> _Assignment_
Copy, word for word, the lines below from the one containing "Los 'chatbots' de" up to and including the one containing "Homeflower PREMIUM +", with pictures left out.

-------- Supplied material

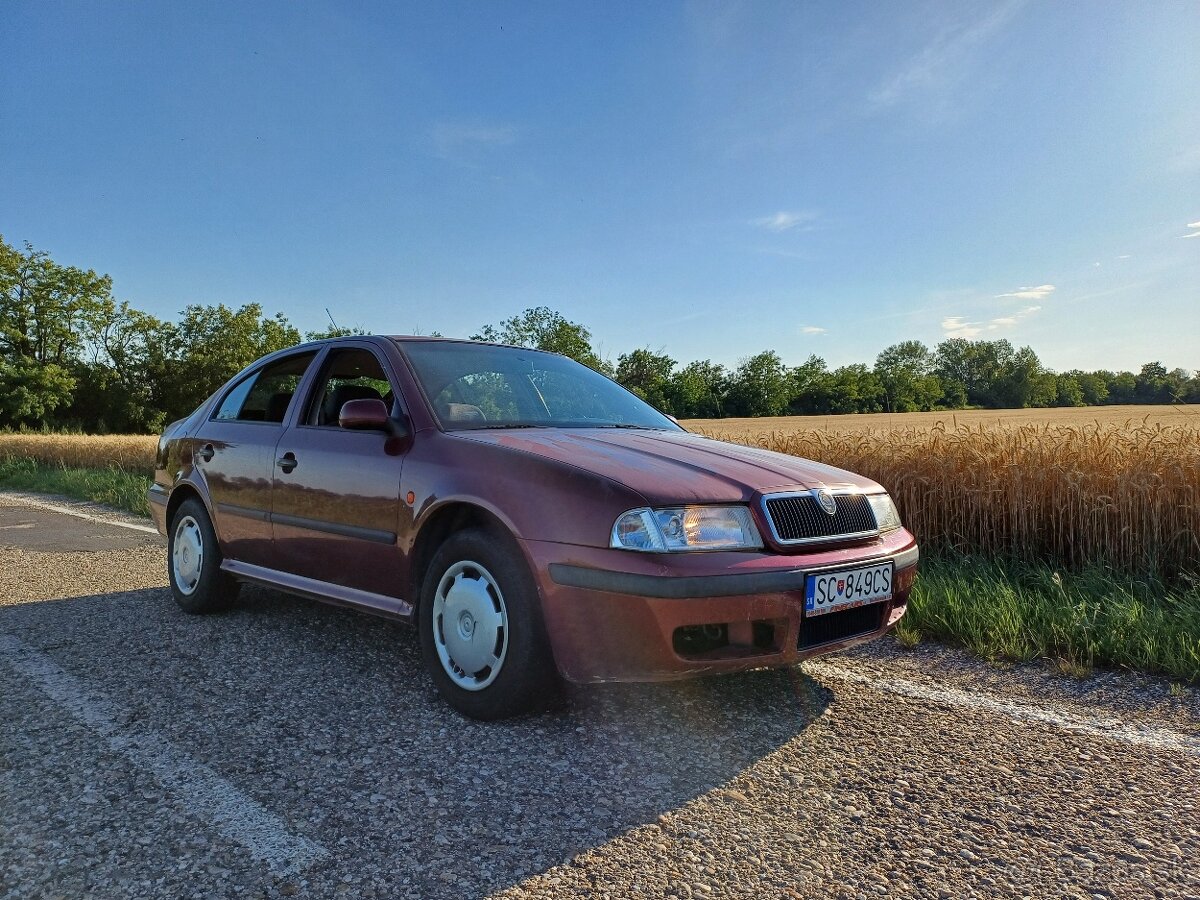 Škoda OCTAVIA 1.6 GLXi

----------------
-------- Supplied material

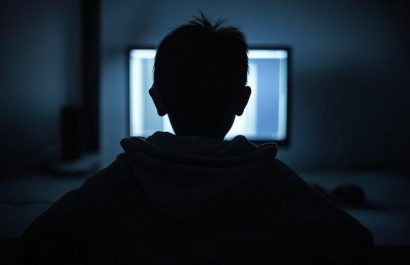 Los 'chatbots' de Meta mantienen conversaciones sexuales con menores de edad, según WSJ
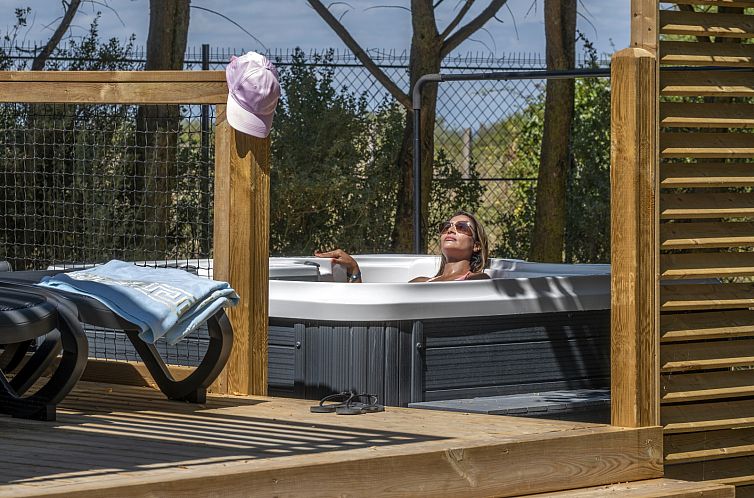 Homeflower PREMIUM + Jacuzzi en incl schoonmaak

----------------

> _Exercise solution_
 Los 'chatbots' de Meta mantienen conversaciones sexuales con menores de edad, según WSJ
 Homeflower PREMIUM + Jacuzzi en incl schoonmaak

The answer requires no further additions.